I’m working with OpenAI’s real-time voice API (gpt-4o-realtime-preview-2024-12-17) in my React app and having trouble getting the text and audio to stay in sync. The transcribed text either shows up too early or the audio plays with a lag.
My setup:
- Using WebSockets for streaming audio to OpenAI
- RealtimeClient handles the API communication
- AudioRecorder and AudioPlayer manage the streaming (16bitPCM format)

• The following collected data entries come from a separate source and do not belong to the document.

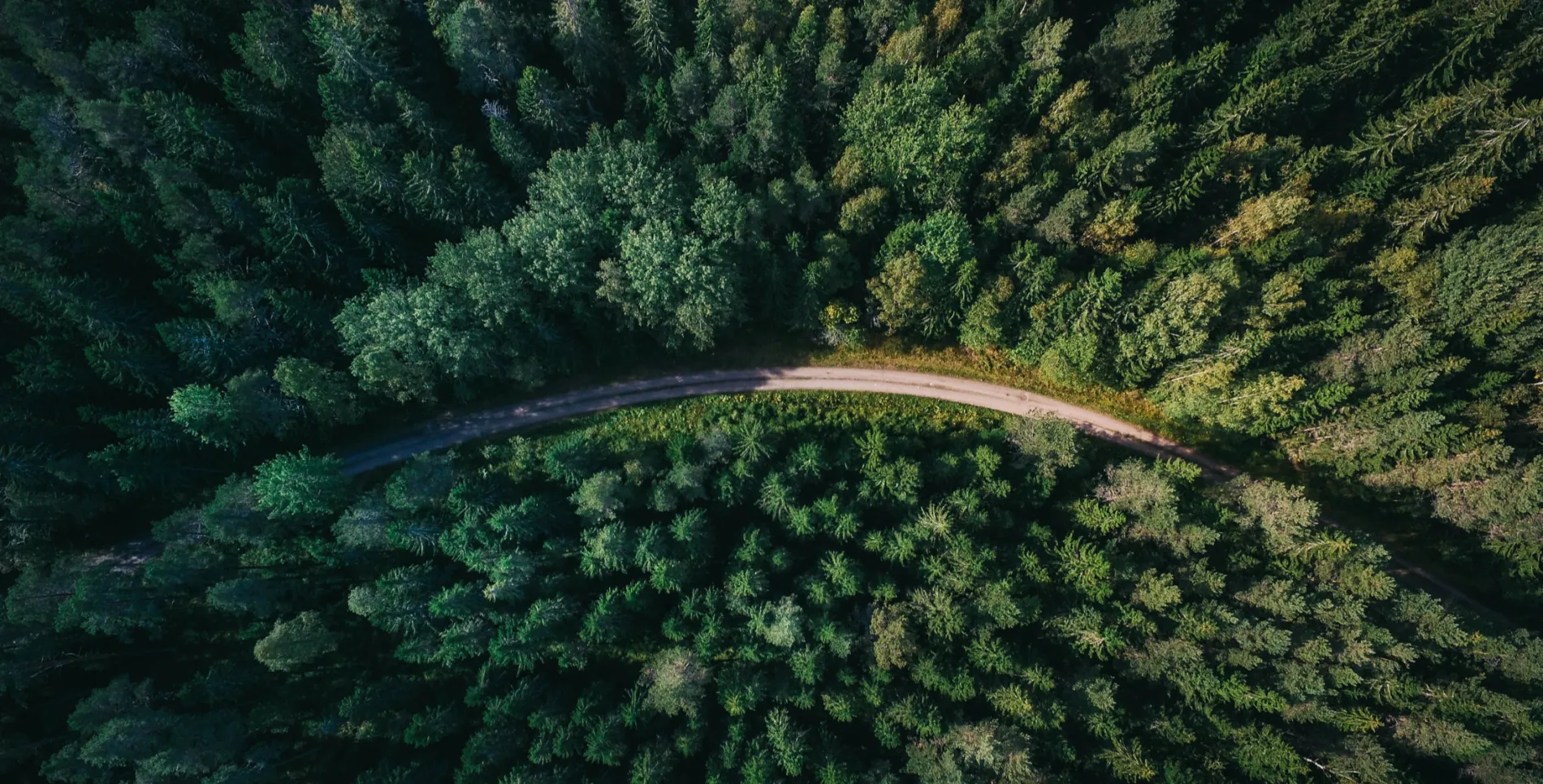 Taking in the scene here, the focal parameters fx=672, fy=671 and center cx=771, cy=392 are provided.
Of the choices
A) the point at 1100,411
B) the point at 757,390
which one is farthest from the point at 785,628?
the point at 1100,411

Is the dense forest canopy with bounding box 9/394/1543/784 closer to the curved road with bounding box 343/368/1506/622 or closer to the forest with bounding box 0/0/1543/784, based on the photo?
the forest with bounding box 0/0/1543/784

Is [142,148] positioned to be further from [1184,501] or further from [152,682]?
[1184,501]

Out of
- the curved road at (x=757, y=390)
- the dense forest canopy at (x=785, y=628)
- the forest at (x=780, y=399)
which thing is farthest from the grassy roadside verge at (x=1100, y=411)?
the dense forest canopy at (x=785, y=628)

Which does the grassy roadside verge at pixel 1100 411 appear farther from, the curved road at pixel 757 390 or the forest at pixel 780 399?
the forest at pixel 780 399

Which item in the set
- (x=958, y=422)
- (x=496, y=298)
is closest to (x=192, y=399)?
(x=496, y=298)

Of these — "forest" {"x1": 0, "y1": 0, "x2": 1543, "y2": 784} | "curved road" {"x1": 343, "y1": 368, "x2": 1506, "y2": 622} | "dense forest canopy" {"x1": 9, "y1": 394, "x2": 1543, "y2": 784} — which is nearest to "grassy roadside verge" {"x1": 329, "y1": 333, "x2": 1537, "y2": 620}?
"curved road" {"x1": 343, "y1": 368, "x2": 1506, "y2": 622}

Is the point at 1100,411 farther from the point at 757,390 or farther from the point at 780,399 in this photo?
the point at 757,390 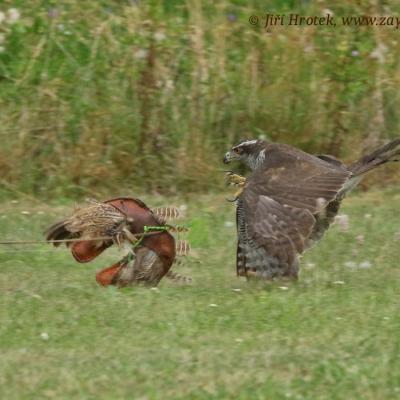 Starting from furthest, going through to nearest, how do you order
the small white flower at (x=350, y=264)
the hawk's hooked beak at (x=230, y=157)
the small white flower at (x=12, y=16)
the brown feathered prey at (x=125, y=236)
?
the small white flower at (x=12, y=16) < the hawk's hooked beak at (x=230, y=157) < the small white flower at (x=350, y=264) < the brown feathered prey at (x=125, y=236)

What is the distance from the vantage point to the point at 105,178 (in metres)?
10.6

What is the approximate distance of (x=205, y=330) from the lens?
Answer: 21.3 ft

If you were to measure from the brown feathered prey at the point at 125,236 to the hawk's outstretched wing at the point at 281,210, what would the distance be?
1.51ft

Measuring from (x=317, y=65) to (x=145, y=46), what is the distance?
158cm

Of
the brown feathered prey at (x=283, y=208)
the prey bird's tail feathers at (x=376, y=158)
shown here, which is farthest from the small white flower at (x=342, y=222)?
the brown feathered prey at (x=283, y=208)

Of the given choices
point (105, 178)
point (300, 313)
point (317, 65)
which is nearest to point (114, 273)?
point (300, 313)

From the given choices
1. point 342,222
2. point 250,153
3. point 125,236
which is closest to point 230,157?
point 250,153

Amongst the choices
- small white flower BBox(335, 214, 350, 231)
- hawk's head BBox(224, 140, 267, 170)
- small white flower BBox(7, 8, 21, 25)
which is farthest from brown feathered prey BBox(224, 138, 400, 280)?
small white flower BBox(7, 8, 21, 25)

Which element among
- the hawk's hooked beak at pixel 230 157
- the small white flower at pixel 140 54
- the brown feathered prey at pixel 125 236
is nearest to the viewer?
the brown feathered prey at pixel 125 236

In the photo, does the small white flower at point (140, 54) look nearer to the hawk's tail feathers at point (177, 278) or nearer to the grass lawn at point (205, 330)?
the grass lawn at point (205, 330)

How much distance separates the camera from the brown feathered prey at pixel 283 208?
728cm

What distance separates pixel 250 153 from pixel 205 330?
7.65 ft

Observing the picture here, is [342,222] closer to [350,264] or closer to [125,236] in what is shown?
[350,264]

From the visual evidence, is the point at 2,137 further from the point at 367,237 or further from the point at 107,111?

- Text updates happen as responses come in
Here’s how I connect to the API:
const startConnection = useCallback(async () => {
const apiClient = clientRef.current;
const audioRec = audioRecorderRef.current;
const audioPlay = audioPlayerRef.current;
await audioRec.start();
await audioPlay.initialize();
try {
const result = await apiClient.connect();
if (result) {
setIsConnecting(false);
apiClient.sendMessage([{ type: "input_text", text: "Hi there!" }]);
if (apiClient.getDetectionMode() === "server_vad") {
await audioRec.startRecording((audioData) => apiClient.addAudioInput(audioData.mono));
}
}
} catch (err) {
console.error("Connection failed:", err);
}
}, []);
And here’s how I handle responses:
apiClient.on("conversation.updated", async ({ message, changes }) => {
if (message.role === "assistant" && changes?.audio) {
audioPlayer.addPCMData(changes.audio, message.id);
displayTextRef.current = message.formatted.transcript;
} else if (changes?.text) {
displayTextRef.current = message.formatted.transcript;
}
if (message.status === "completed" && message.formatted.audio?.length) {
const audioBlob = await AudioRecorder.convertToWav(message.formatted.audio, 24000, 24000);
setPlaybackUrl(audioBlob.url);
}
});
The main issue:
I can’t get the text to scroll smoothly with the audio. I’m trying to scroll based on 150 words per minute:
const animateTextScroll = () => {
if (!textContainerRef.current) return;
const textBox = textContainerRef.current;
const now = Date.now();
const timeElapsed = now - animationStartRef.current;
const totalDuration = calculateScrollTime(displayText);
if (timeElapsed >= totalDuration) {
textBox.scrollTop = textBox.scrollHeight - textBox.clientHeight;
return;
}
const scrollProgress = timeElapsed / totalDuration;
const maxScroll = textBox.scrollHeight - textBox.clientHeight;
const smoothEasing = (t) => t < 0.5 ? 2 * t * t : 1 - Math.pow(-2 * t + 2, 2) / 2;
textBox.scrollTop = maxScroll * smoothEasing(scrollProgress);
requestAnimationFrame(animateTextScroll);
};
What I’ve tried:
- Converting the PCM data to playable audio but it takes too long and causes sync issues
- Using a fixed 150 WPM calculation but it doesn’t work well for longer responses since speaking speed varies
const avgWordsPerMin = 150;
const wordCount = displayText.split(" ").length;
return (wordCount / avgWordsPerMin) * 60 * 1000;
How can I get the text scrolling to match the actual audio playback timing? Are there any libraries or techniques that work well for this kind of real-time sync?